OSHA HazCom Updates Include Labeling, SDS Requirements

On February 16, the Occupational Safety and Health Administration (OSHA) proposed an update to the agency’s Hazard Communication Standard (HCS), which would align provisions of the rule with the seventh revision of the Globally Harmonized System of Classification and Labelling of Chemicals (GHS) published in 2017 (86 FR 9576). An eighth revised edition was published in 2019.

GHS HazCom pictograms SDS hazard communication

DavidBautista /

The GHS is an international model regulation for chemical testing, hazard classification, and hazard communication intended to ease trade by establishing a uniform system of chemical labels and safety data sheets (SDSs). The GHS is revised every 2 years.

OSHA last updated the HCS on March 6, 2012, to conform to provisions of the third revision of the GHS issued in 2009.

The new update would contain substantive changes for chemical manufacturers and importers, amending the requirements for the labels and SDSs that manufacturers and importers must provide for hazardous chemicals in commerce.

The proposal could lead to changes in labels and SDSs employers would receive. For example, the agency is proposing a new provision for small container labels for containers with a capacity less than or equal to 100 milliliters (ml).
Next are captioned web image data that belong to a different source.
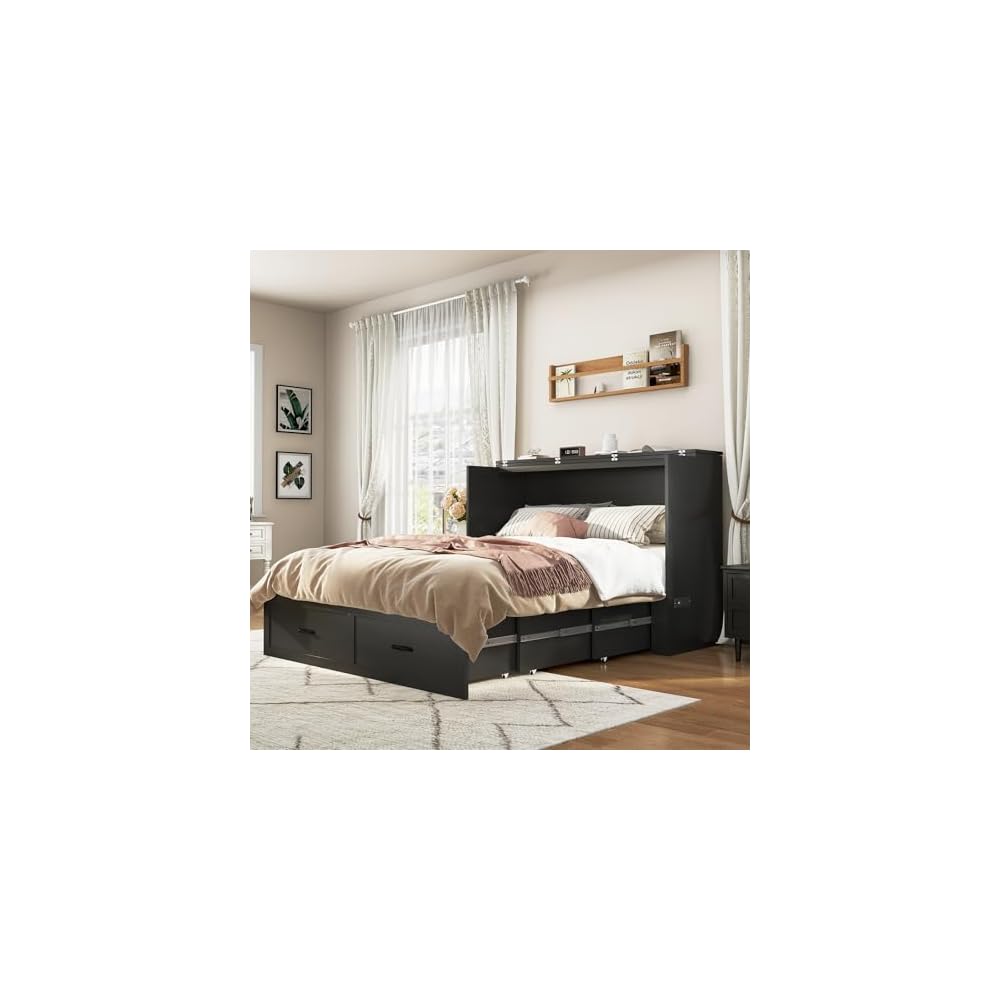 Queen Size Murphy Chest Bed with Drawer and Charging Station, Farmhouse Wood Space-Saving Hidden Folding Bed Chest, Multifunctional Storage Cabinet Beds for Bedroom, Office, Black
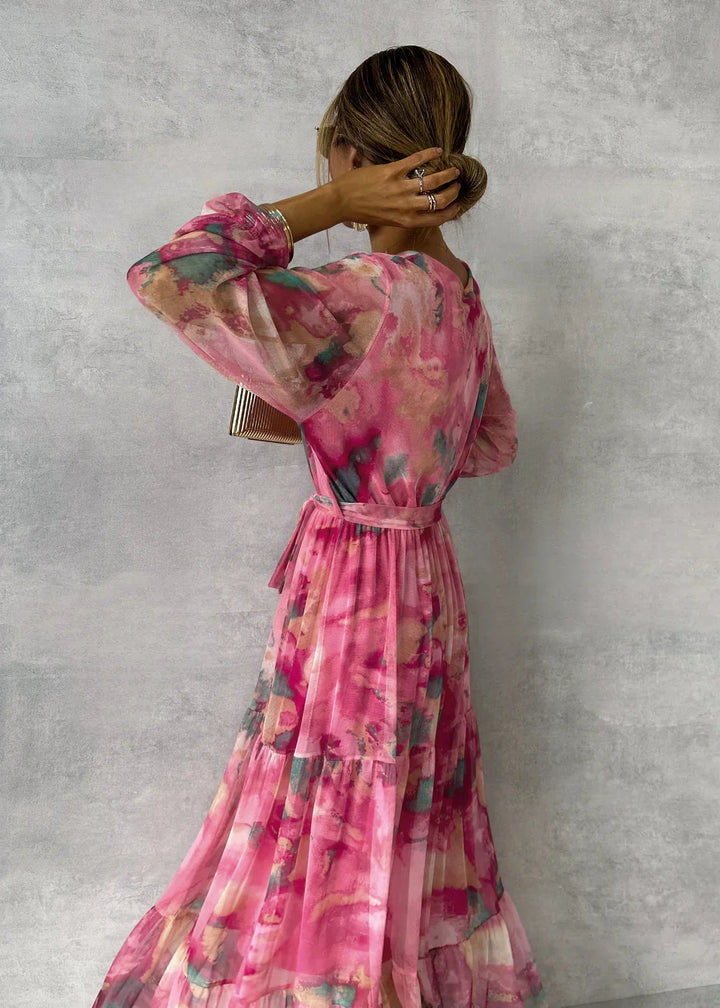 Amber - Floral Print Wrap Maxi Dress with Long Sleeves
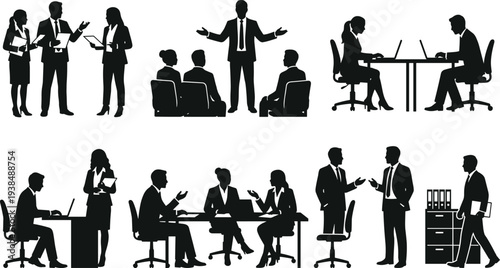 Business professional silhouettes in office teamwork, meetings presentations discussions collaboration workplace communication corporate concept, flat vector 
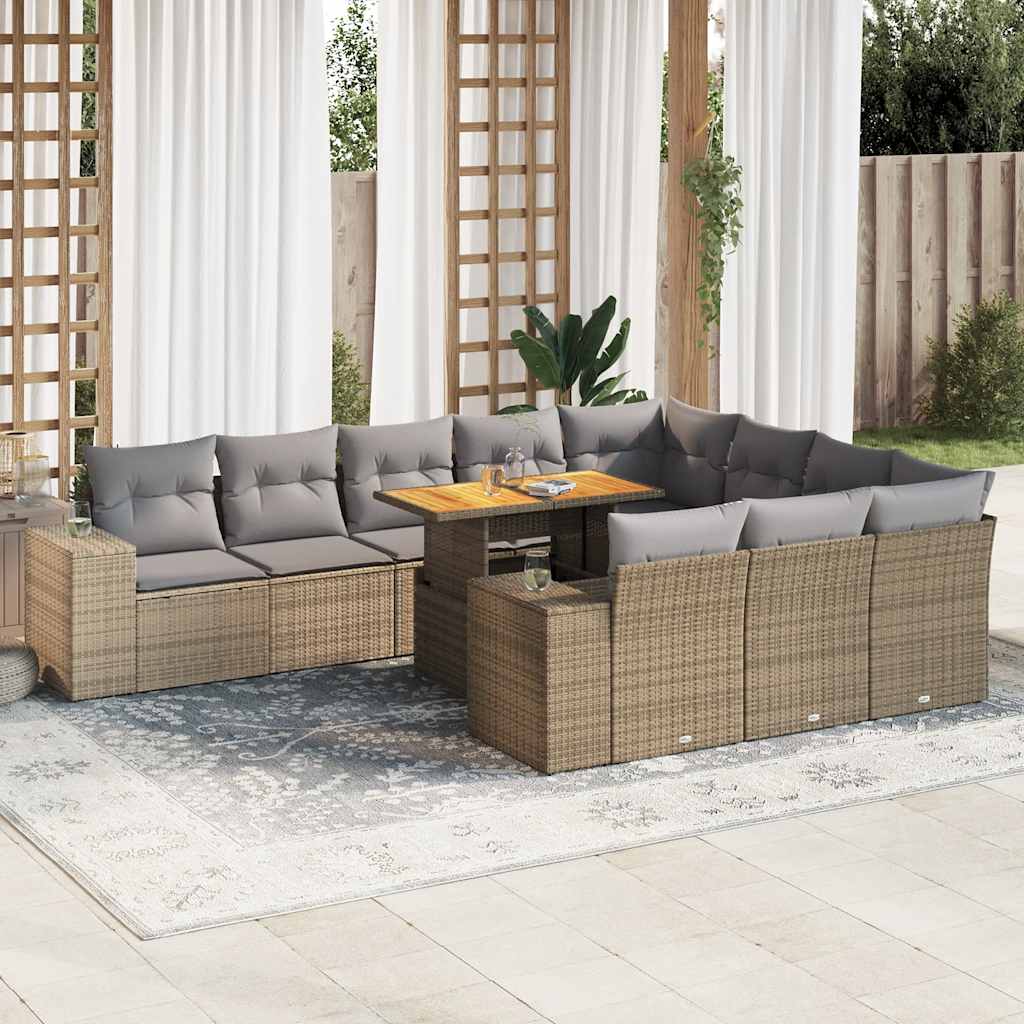 vidaXL 11-tlg. Garten-Sofagarnitur mit Kissen Schwarz Poly Rattan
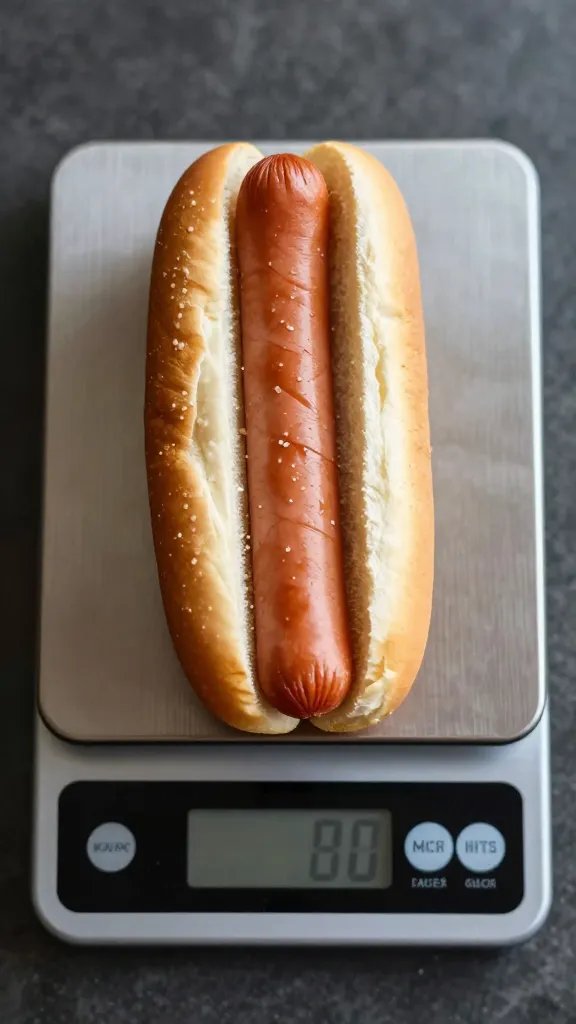 single hot dog on digital kitchen scale, overhead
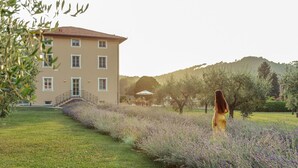 A building with a staircase leading to a door, surrounded by a garden with lavender plants. - Villa Annabelle - Six Bedroom Villa, Sleeps 18 (Lucca)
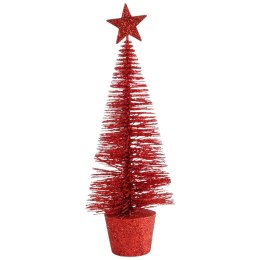 Choinka brokatowa dekoracja z gwiazdą w doniczce 18x7 cm czerwona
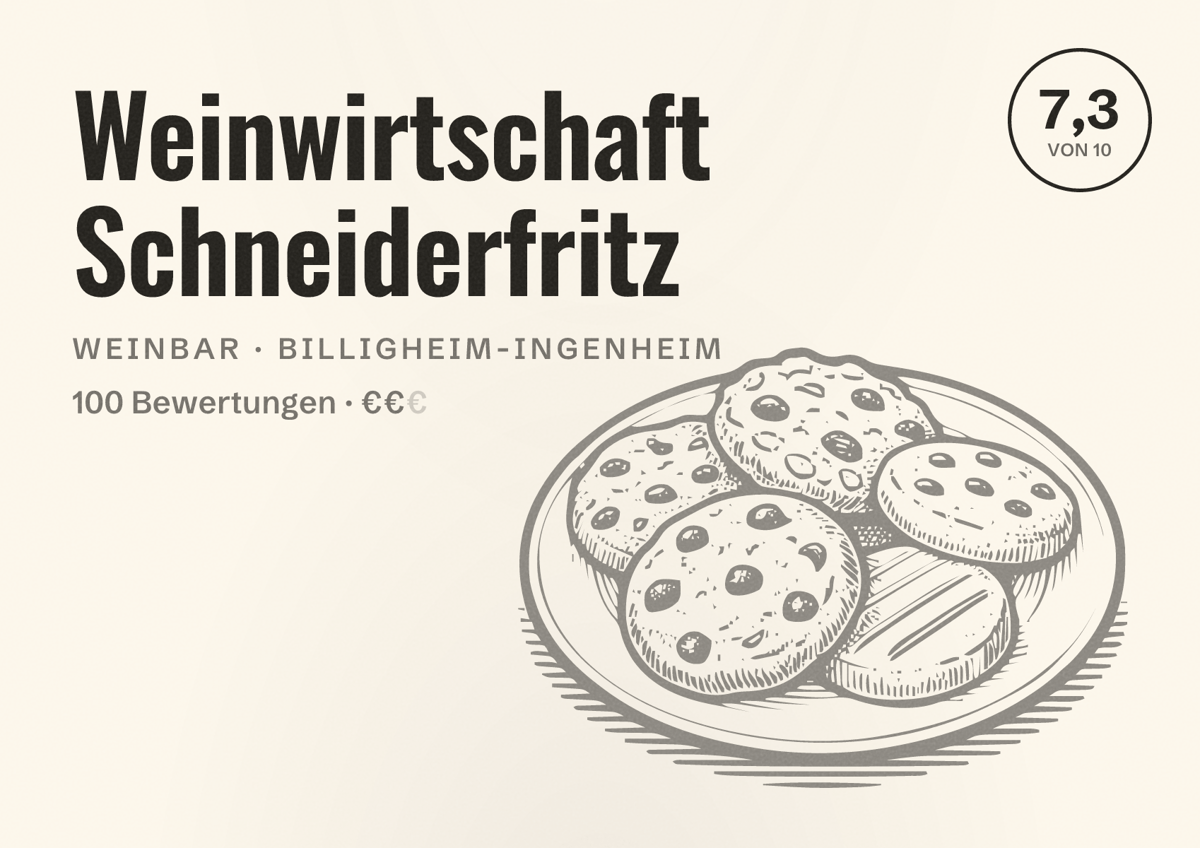 Illustriertes Poster von Weinwirtschaft Schneiderfritz, Weinbar in Billigheim-Ingenheim: Bewertung 7,3 von 10 aus 100 Bewertungen, Preisniveau €€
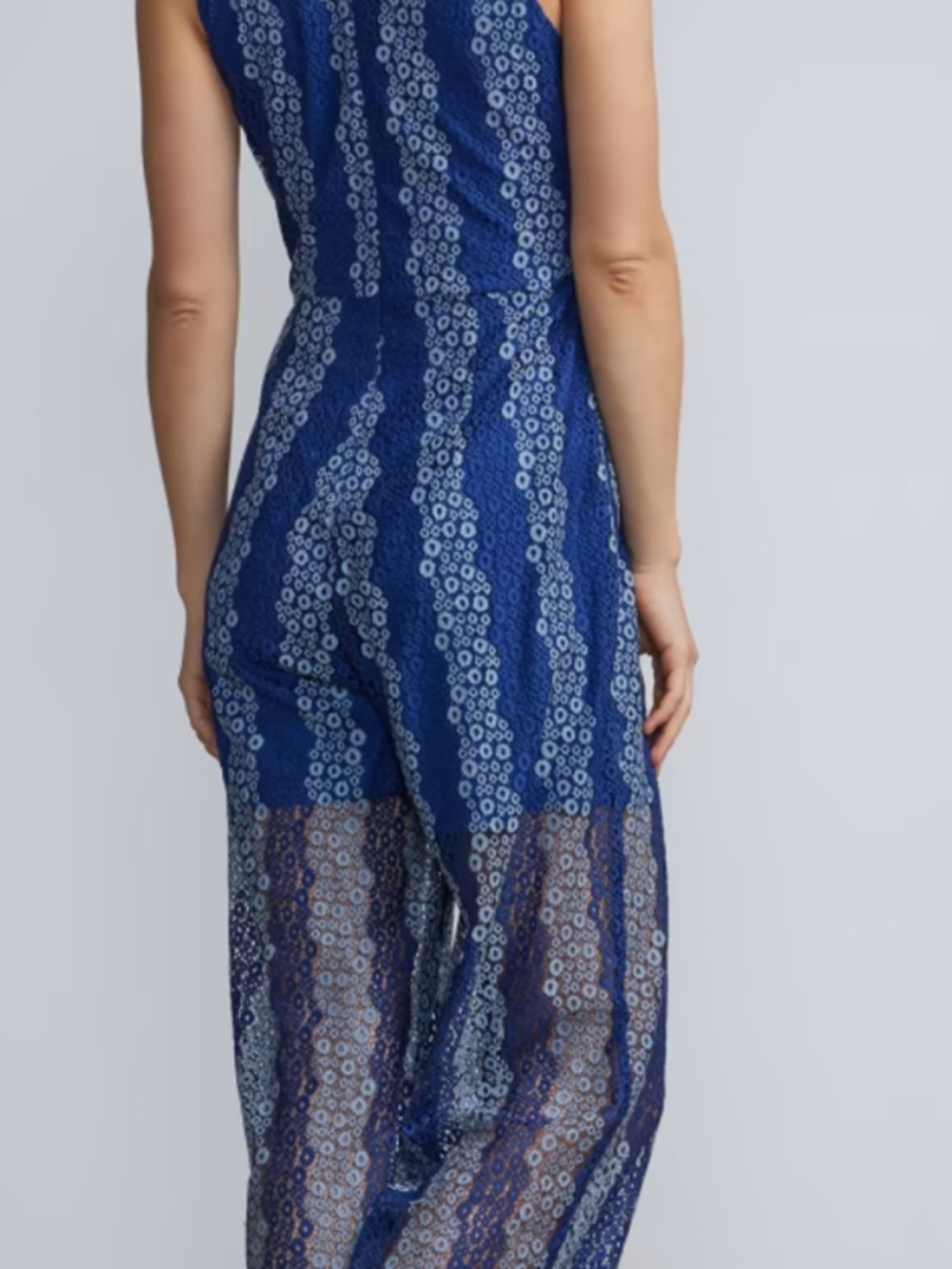 Blue Lace Wide-Leg Jumpsuit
Such labels would be required to include, at a minimum, a product identifier; a pictogram(s); a signal word; the chemical manufacturer’s name and phone number; and a statement that the full label information for the hazardous chemical is provided on the immediate
outer package.

OSHA also proposed adding the term “combustible dust” to the standard’s definitions. The agency had not included it in the 2012 revision because OSHA was considering a combustible dust rulemaking. However, the agency never established a combustible dust standard. Other OSHA standards include the term “combustible dust” but do not define it.

OSHA now proposes adopting the definition used in Revision 7 of the GHS—‘‘finely divided solid particles of a substance or mixture that are liable to catch fire or explode on ignition when dispersed in air or other oxidizing media.’’

The agency also is proposing changes to the SDS requirements to address manufacturers’ concerns about trade secrets. Some chemical manufacturers claim a product’s exact concentration or concentration ranges are trade secrets.

OSHA now proposes offering a series of concentration ranges that chemical manufacturers could use on SDSs: from 0.1% to 1%; from 0.5% to 1.5%; from 1% to 5%; from 3% to 7%; from 5% to 10%; from 7% to 13%; from 10% to 30%; from 15% to 40%; from 30% to 60%; from 45% to 70%; from 60% to 80%; from 65% to 85%; and from 80% to 100%. The ranges are consistent with those prescribed in Canadian regulations, according to the agency.

The proposed revisions to the HCS would reduce costs and burdens, according to OSHA, while improving the quality and consistency of information provided to employers and employees about chemical hazards.

Comments are due to the agency by April 19. OSHA will schedule an informal hearing on the proposal if one is requested during the comment period.